- Born: Theodore Sandoval 1949 Los Angeles, California, US
- Died: December 18, 1995 (aged 45) Los Angeles, California, US
- Other name: Rosa de la Montaña
- Education: California State University, Long Beach
- Occupation: Artist
- Years active: c. 1970–1995
- Known for: Ceramics, mail art, printmaking, performance art, photography
- Notable work: Gateway to Highland Park; Chili Chaps; La Historia de Frida Kahlo;
- Movement: Chicano art, Mail art
- Partner: Paul Polubinskas (1977–2024)

= Teddy Sandoval =

American artist (1949-1995)

Theodore "Teddy" Sandoval (1949 – December 18, 1995) was an American multimedia artist widely known for his presence in the mail art movement as the "Butch Gardens School of Art." Born and raised in Los Angeles, California, Sandoval's multidisciplinary works are inspired by and expressions of his life experiences as Chicano and queer.

== Early life and education ==
Sandoval was born in 1949 in Los Angeles to Petra Gaitán and Jesús Sandoval, who both immigrated to the United States from Puebla, Mexico.
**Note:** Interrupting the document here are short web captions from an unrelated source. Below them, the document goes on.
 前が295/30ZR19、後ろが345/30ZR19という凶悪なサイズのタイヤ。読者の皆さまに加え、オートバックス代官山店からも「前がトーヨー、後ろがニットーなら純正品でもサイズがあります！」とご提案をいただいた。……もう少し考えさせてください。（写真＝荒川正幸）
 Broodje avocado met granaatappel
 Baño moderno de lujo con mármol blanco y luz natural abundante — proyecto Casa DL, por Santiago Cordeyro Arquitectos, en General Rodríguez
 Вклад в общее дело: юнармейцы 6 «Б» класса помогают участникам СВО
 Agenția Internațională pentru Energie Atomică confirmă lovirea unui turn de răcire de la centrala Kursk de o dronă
The youngest of five siblings, Sandoval was raised in East Lost Angeles near Salazar Park. Many buildings in this neighborhood, including his family's home on South Bonnie Beach Place, appear in his photography. He attended Garfield High School.

Sandoval received a BA in Printmaking from California State University, Long Beach (CSULB) in 1971. His early print works took inspiration from hippie imagery, Art Nouveau, and the aesthetics of the Victorian garden. His art was also influenced by queer community spaces (such as gay bars and beaches) in Long Beach, and the Chicano political activism happening in and around the university.

== Artworks and career ==
Sandoval worked in a number of artistic mediums throughout his life, including ceramics, sculpture, drawings, prints, photography, collage, and window dressings. He often combined these mediums in his works.
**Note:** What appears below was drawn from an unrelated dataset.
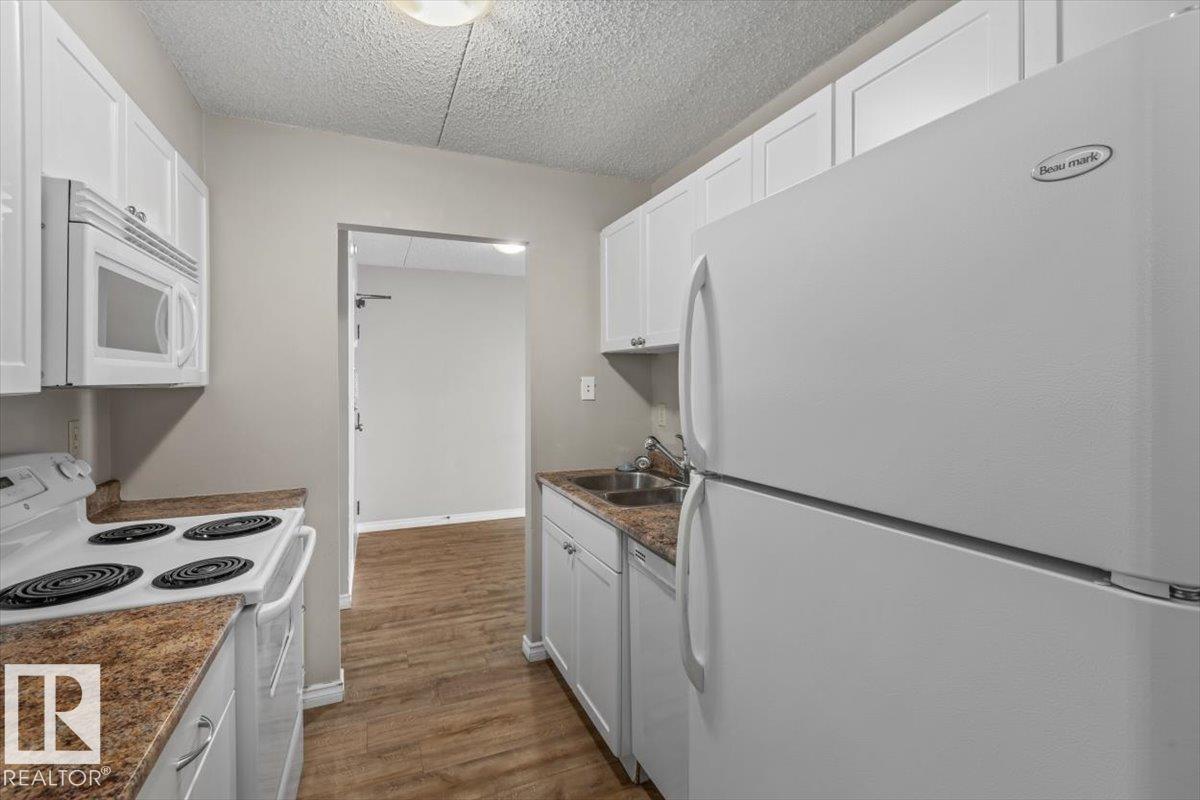 Photo 8 at 501 - 9917 110 Street NW, Wîhkwêntôwin, Edmonton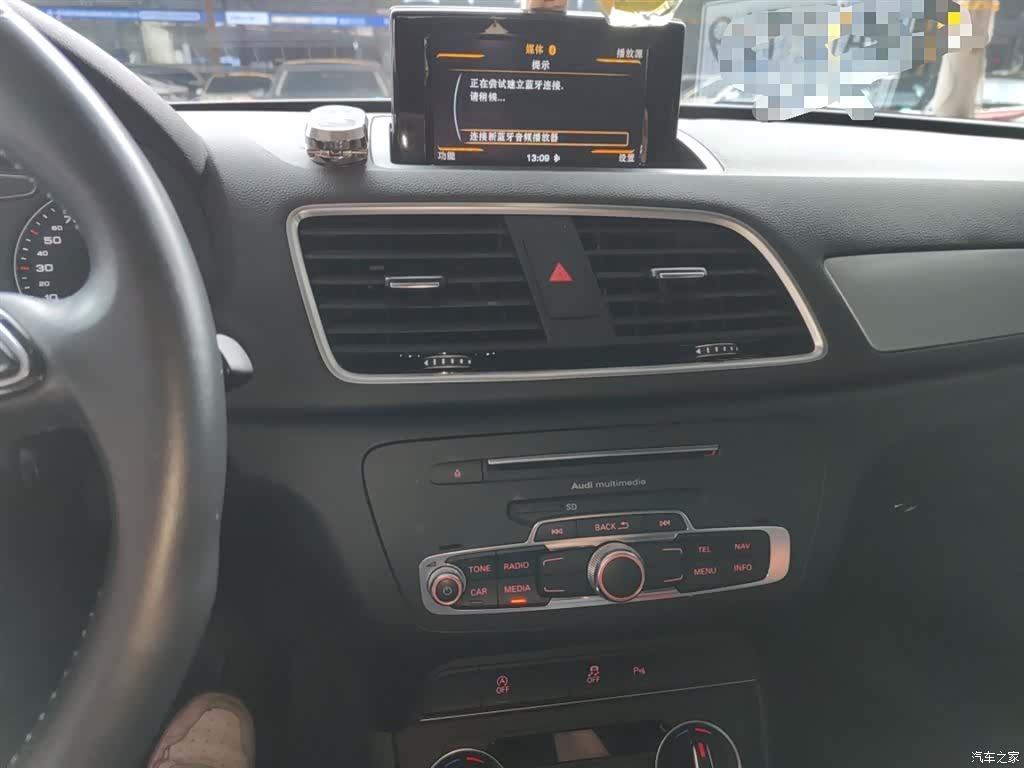 Audi Q3, 2018 13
During the 1970s, Sandoval experimented with incorporating sand into his artworks. This included adhering sand to the surface of print works to create texture, and nestling smaller art pieces within plastic bags containing sand collected from maritime cruising locations in Los Angeles.

Sandoval commonly photographed local graffiti, including graffiti of his own. His photographs and tags were often in conversation with existing graffiti, specifically those which included homophobic language.

Sandoval's artwork blends aesthetics and imagery from Mesoamerican indigenous art, cholo subculture, Catholicism, and the American West, often in a homoerotic and campy manner. He also developed a repertoire of repeatedly-occurring images in his work, including disembodied limbs/genitals, palm trees, men's underpants, dice, Ionic columns, the Sacred Heart, and most notably the Castro clone (or other gay fashion subculture participant, such as a leatherman), often with no facial features save for a mustache.

Sandoval's art incorporates elements of rasquachismo, what Sandoval himself referred to as "barrio baroque", synthesizing motifs of Western art with artistic modes of the Chicano working class. His work simultaneously satirizes and interrogates gender roles (specifically machismo), homophobia and anti-Mexican racism, often through repurpose of stereotypical imagery, what he described as "derogatory, yet silly". One notable example are his series of collages in the style of the Mexican tabloid ¡Alarma!, often incorporating photographs of him and his friends as the subjects of their sensational narratives.
=== Collaborations ===
Sandoval had many collaborators within the Chicano art movement. While not a full member himself, he collaborated with members of the Chicano art collective Asco.

The performance piece La Historia de Frida Kahlo (1978) was both choreographed by and starred Sandoval and Asco member Gronk, with Sandoval as Frida Kahlo and Gronk as Diego Rivera. It was performed in and around the environs of LACE. Photographs of the work are stylistically similar to those of a fotonovela. Sandoval's Chili Chaps (1978) – a pair of cardboard chaps adorned with pinto beans, dried chilis (later replaced with ceramic copies), and embroidered with cacti and stereotypical imagery of Mexicans – appears as a set piece in the performance. Sandoval and Gronk would reuse photographs from La Historia in subsequent artworks, such as in Sandoval's ¡Alarma! collages, and Dos Fritos (1978), a collage parodying Kahlo's self-portrait and invocative of the Frito Bandito, a stereotypical Mexican mascot widely condemned by Chicano Movement participants.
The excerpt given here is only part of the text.